*DESCRIPTION OF THE TASK:* Your answer should be a single number: the count of lines in the records below containing the word "Used".

---------- DATASET ENTRIES

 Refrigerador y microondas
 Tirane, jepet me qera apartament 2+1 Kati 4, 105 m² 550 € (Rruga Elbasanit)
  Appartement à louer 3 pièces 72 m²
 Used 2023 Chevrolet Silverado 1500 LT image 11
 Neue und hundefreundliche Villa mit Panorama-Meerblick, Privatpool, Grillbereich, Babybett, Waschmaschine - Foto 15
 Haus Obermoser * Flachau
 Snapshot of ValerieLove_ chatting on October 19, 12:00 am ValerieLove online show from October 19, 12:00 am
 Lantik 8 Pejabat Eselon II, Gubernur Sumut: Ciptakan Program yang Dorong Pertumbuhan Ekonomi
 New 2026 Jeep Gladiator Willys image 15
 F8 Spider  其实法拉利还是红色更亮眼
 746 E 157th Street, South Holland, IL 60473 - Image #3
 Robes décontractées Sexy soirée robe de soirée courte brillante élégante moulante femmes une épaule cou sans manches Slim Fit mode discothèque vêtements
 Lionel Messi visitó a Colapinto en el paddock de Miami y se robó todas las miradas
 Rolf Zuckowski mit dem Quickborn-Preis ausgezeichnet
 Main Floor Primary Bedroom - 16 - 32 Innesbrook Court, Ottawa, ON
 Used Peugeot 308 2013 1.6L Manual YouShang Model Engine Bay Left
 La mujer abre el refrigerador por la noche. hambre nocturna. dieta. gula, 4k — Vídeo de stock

--------------------

*TASK RESULT:* 2